Summary: In the Bible “church” is by definition either all of the disciples of Jesus Christ or a specific group of believers. In 1 Timothy chapter 5, The Apostle Paul describes the church as people dedicated to doing whatever it takes to reach out and help others

We continue in our series Hope Found Here, and this month our focus is on Hope in the Church.

Many people associate the word “church” with a building. Often something old, draughty, with uncomfortable wooden pews and a smell of damp.

I have spoken to people in Ashingdon and Rayleigh who did not know that our buildings were churches.

In fact, a number of people thought our buildings were bungalows!

Even though we have the signs outside the front door here, many of the parents of the children that attend our nursery during the week do not realise that a church meets here on a Sunday.

Some people think that church is a place where weird people go on a Sunday.

I won’t pursue that line of thought further other than saying this building is a place we come to on a Sunday.

We get up, get dressed, drive through the traffic, come in sit down, stand up, sing, sit, stand, sing, sit, pray, stand, sing, sit, listen, stand, sing, drop a few coins in a bag, pray, have a drink, and go home.

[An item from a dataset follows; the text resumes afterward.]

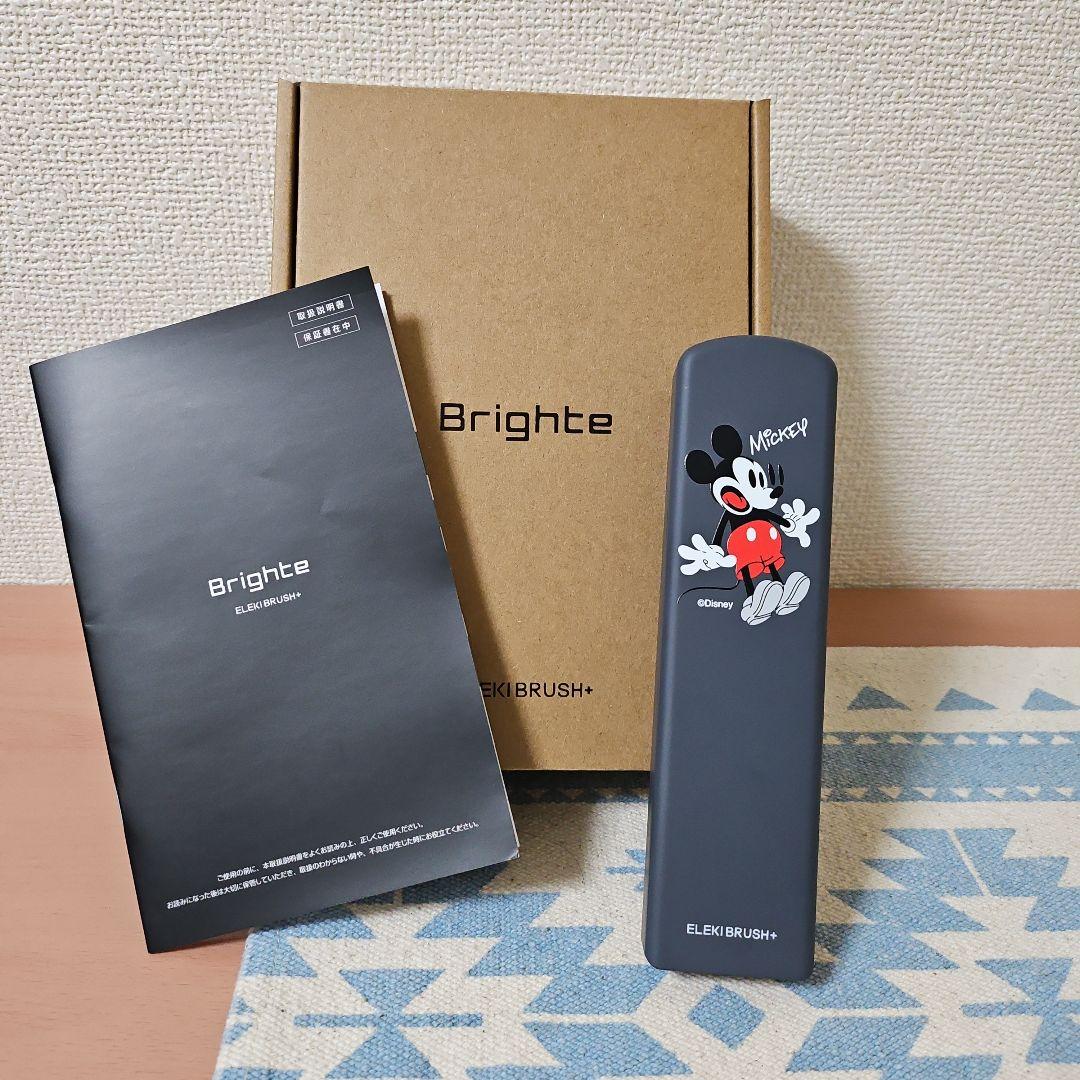ヨ*ン様 Brighte ELIKBRUSH+ ミッキー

Sunday after Sunday, we can do everything on auto-pilot, and maybe we have lost sight of the fact that our church is more than just this building; we, the people, are the church.

In the Bible there are several specific terms used to define what “church” actually is:

Ekklesia which means an assembly of called-out people.

Kuriakos – People who belong to the Lord.

The local church - “the church in Jerusalem” or “the church that meets at their house”

Universal Church – e.g. “just as Christ loved the church and gave himself up for her”

The “Body of Christ” – Romans 12 describes how “in Christ we, though many, form one body, and each member belongs to all the others”.

“Body of Christ” is commonly understood and used to refer to both the local and universal body of believers.

Nowhere in the Bible is “church” defined as a physical structure or the leadership/staff of an organization.

In the Bible “church” is by definition either all of the disciples of Jesus Christ or a specific group of believers.

The words our English bibles translate as “church” are in the original language plurals, and “church” always applies to people, not a place.

For example in the Book of Acts, where the Church began and spread, the personal and plural nature of the word “church” is clear.

In Acts 12:5 when Peter was in prison it says, “the church was earnestly praying to God for him”

In Acts 14:27 when Paul and Barnabas returned to Antioch it says “they gathered the church together and reported all that God had done through them and how he had opened a door of faith to the Gentiles.”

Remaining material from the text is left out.